**Exercise aim**
Below are entries; repeat exactly, and nothing else, the lines from the one holding "What you'll notice" through the one holding "And I think", inclusive. Leave the pictures out.

:: Material to process ::

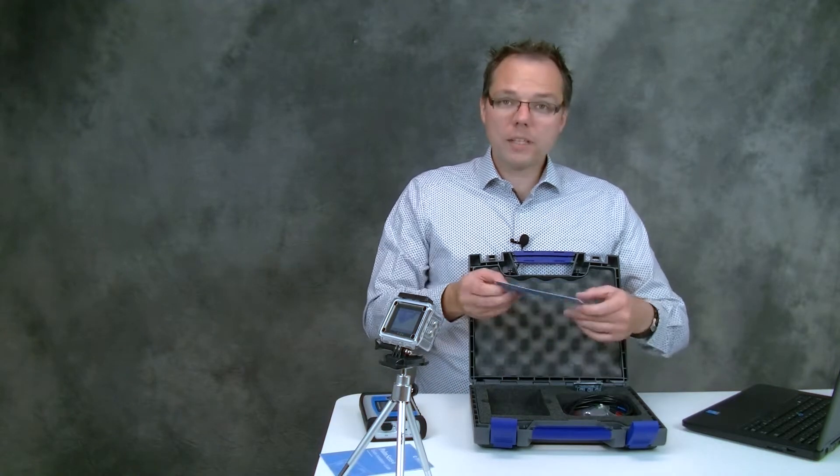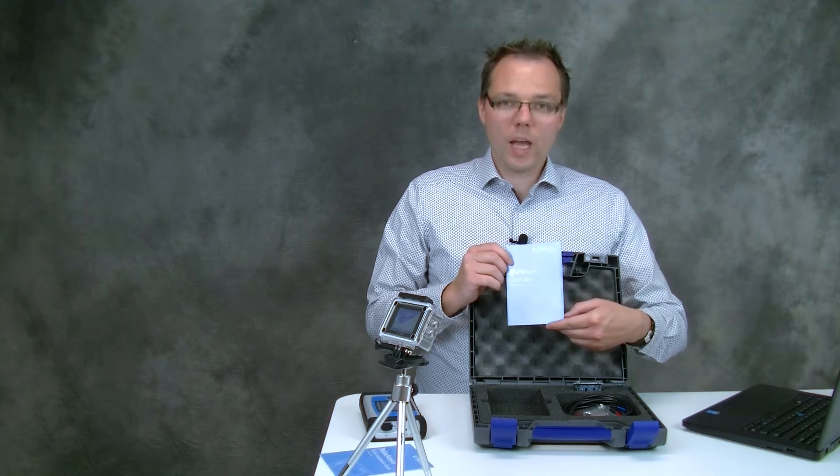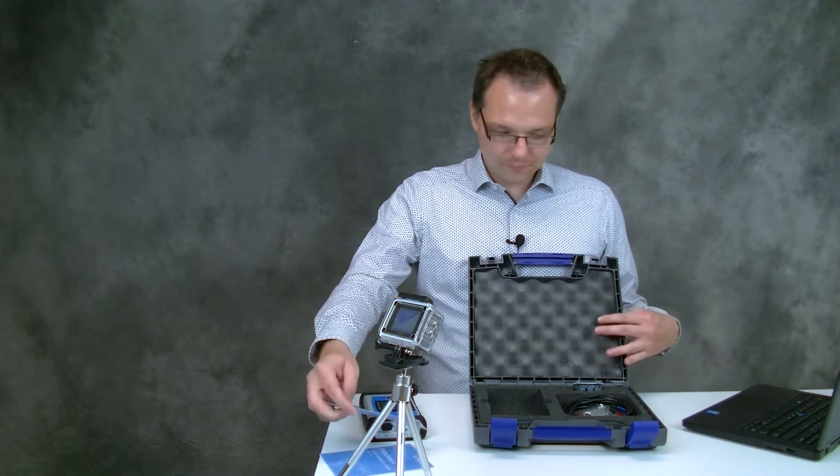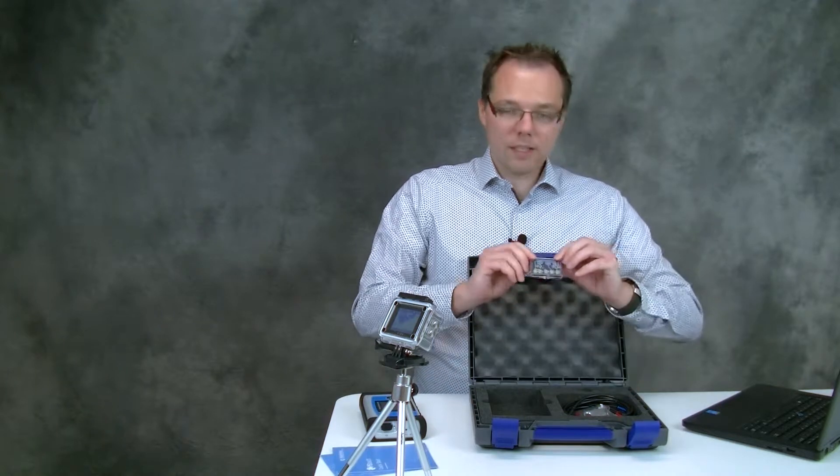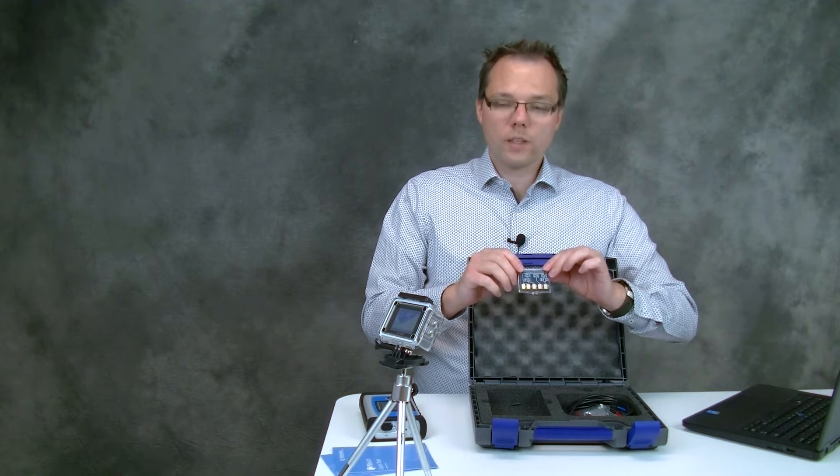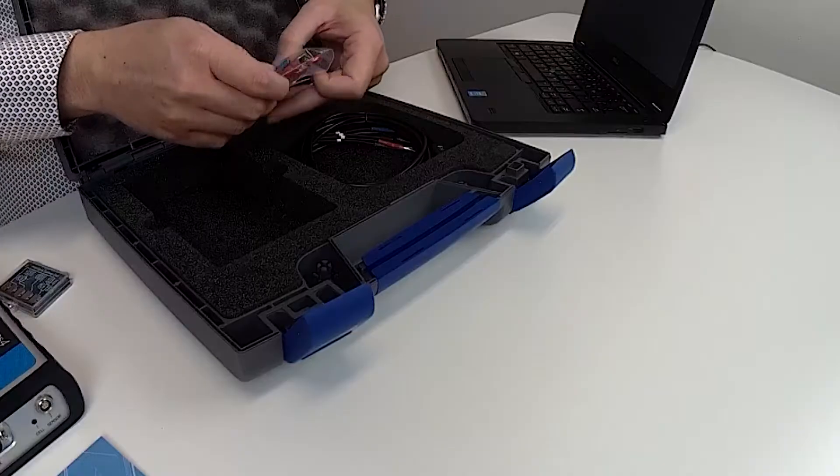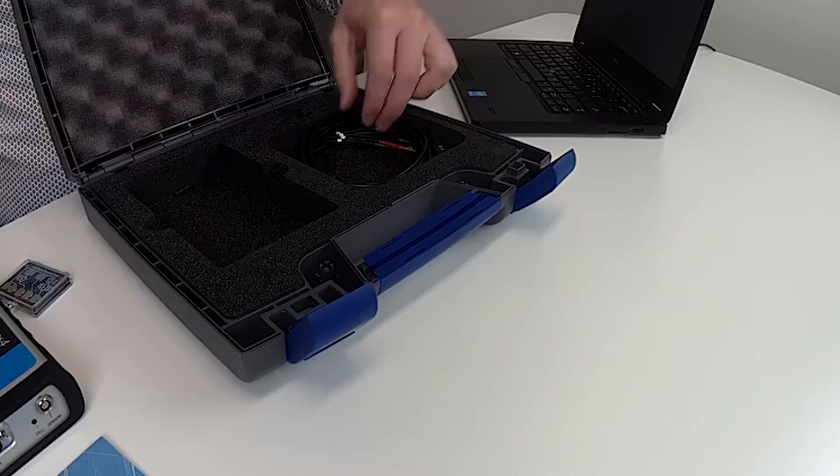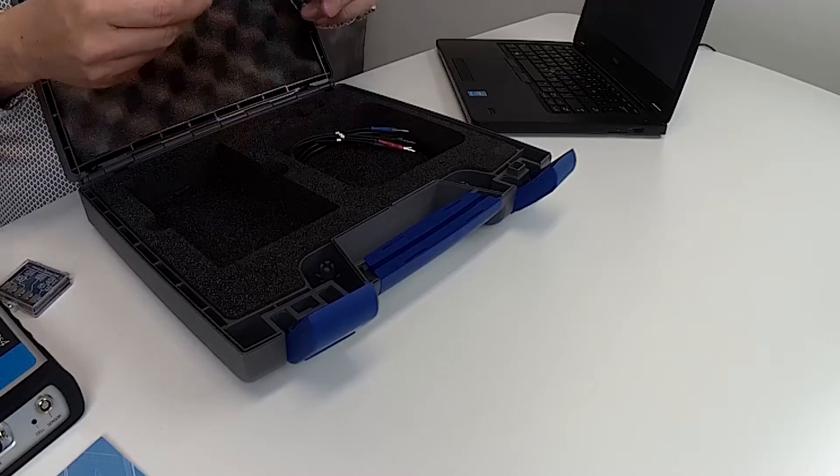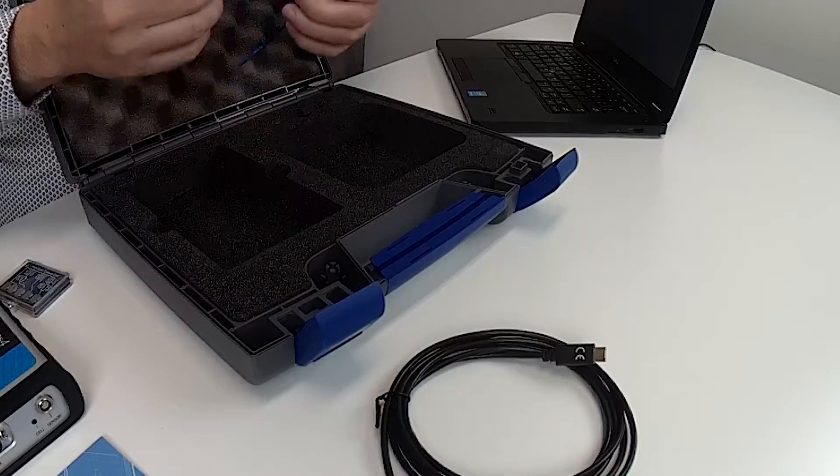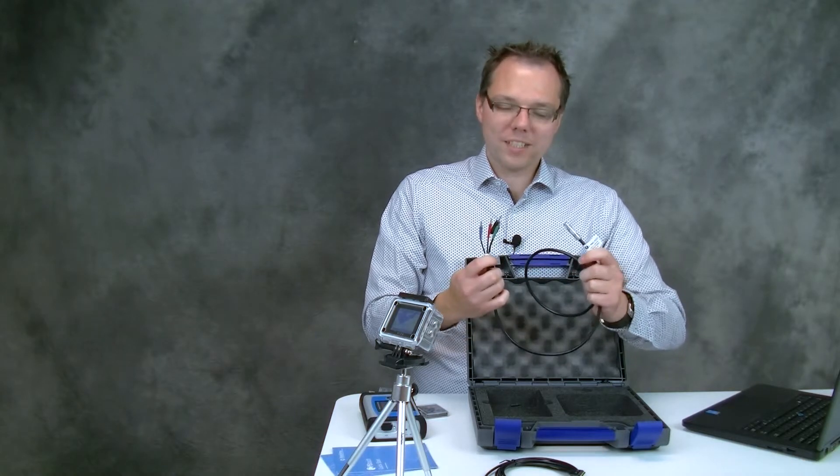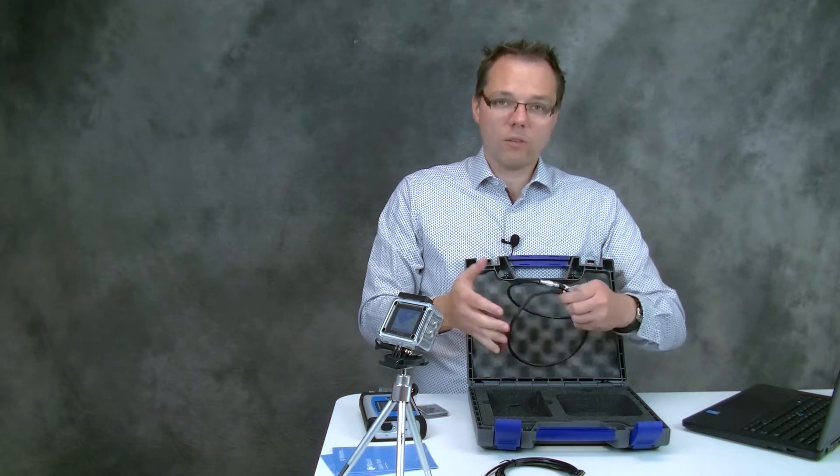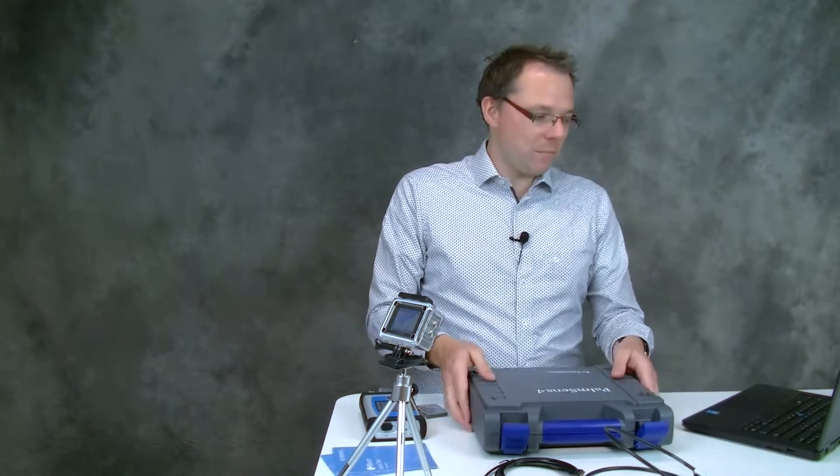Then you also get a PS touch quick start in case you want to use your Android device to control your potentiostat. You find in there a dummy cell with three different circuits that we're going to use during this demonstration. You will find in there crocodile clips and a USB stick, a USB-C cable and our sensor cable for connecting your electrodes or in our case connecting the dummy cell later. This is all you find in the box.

:::
:: Material to process ::

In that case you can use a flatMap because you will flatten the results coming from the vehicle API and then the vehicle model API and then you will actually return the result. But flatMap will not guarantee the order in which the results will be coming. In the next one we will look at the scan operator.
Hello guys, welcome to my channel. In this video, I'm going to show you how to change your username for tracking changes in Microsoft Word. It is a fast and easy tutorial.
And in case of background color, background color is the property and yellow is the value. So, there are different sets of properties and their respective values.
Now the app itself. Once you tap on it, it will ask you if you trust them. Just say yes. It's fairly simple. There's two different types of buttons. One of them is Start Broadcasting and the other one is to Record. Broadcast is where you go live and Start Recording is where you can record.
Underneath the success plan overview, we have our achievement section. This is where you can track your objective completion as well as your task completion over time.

:::
:: Material to process ::

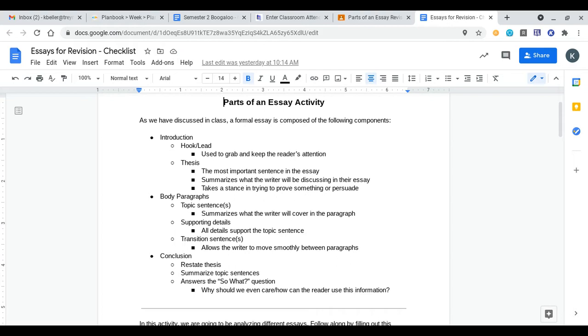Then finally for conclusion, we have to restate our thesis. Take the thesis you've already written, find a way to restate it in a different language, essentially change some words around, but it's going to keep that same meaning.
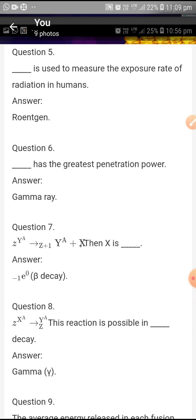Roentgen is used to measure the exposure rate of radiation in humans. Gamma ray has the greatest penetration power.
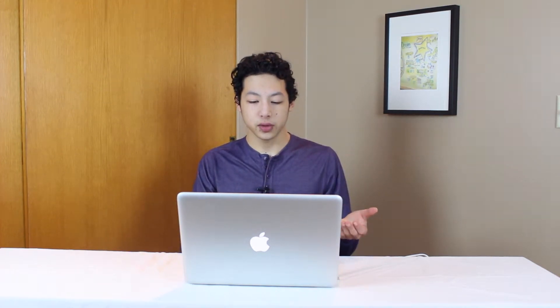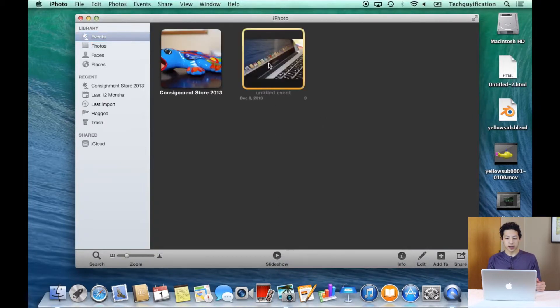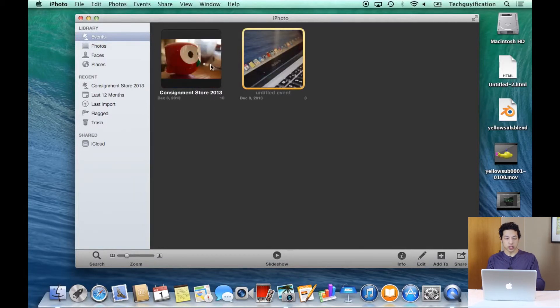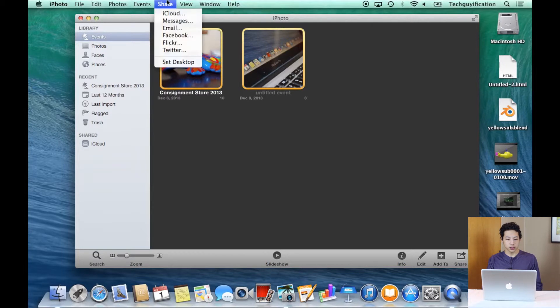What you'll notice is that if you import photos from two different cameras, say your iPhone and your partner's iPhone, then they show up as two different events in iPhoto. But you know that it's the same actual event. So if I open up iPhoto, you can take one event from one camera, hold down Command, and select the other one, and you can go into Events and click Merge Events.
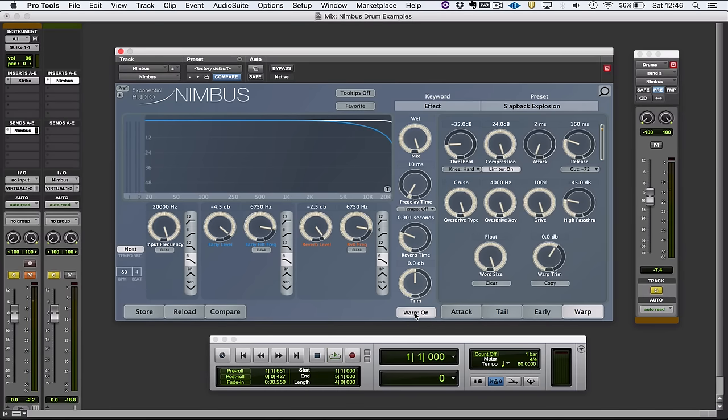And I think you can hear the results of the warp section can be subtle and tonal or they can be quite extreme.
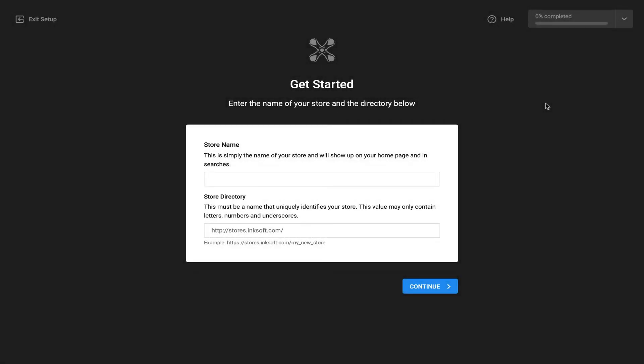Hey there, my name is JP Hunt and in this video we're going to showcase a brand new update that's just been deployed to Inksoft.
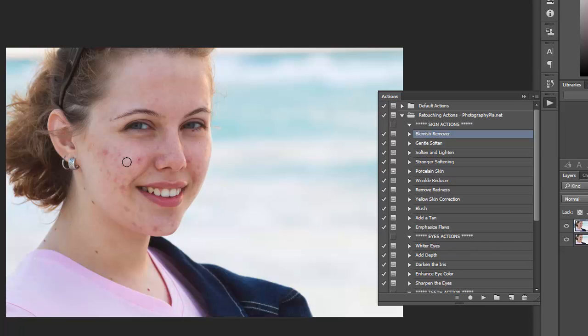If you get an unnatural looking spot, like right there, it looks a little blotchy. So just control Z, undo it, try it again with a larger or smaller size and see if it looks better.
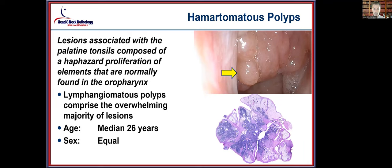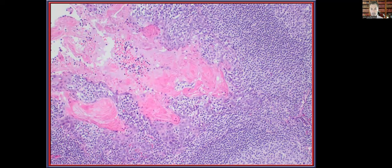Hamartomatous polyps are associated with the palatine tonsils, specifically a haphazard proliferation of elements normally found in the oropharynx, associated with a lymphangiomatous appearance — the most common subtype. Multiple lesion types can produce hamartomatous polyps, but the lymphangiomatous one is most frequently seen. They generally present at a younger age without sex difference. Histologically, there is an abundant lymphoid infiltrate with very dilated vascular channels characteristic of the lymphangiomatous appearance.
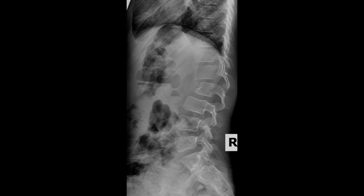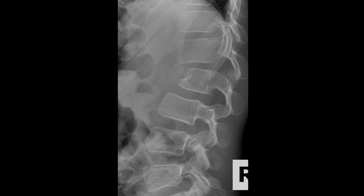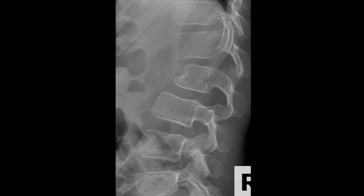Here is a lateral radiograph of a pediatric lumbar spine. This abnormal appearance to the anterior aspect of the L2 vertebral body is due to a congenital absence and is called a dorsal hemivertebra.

:::

**Answer to this exercise**
What you'll notice is that if you import photos from two different cameras, say your iPhone and your partner's iPhone, then they show up as two different events in iPhoto. But you know that it's the same actual event. So if I open up iPhoto, you can take one event from one camera, hold down Command, and select the other one, and you can go into Events and click Merge Events.
And I think you can hear the results of the warp section can be subtle and tonal or they can be quite extreme.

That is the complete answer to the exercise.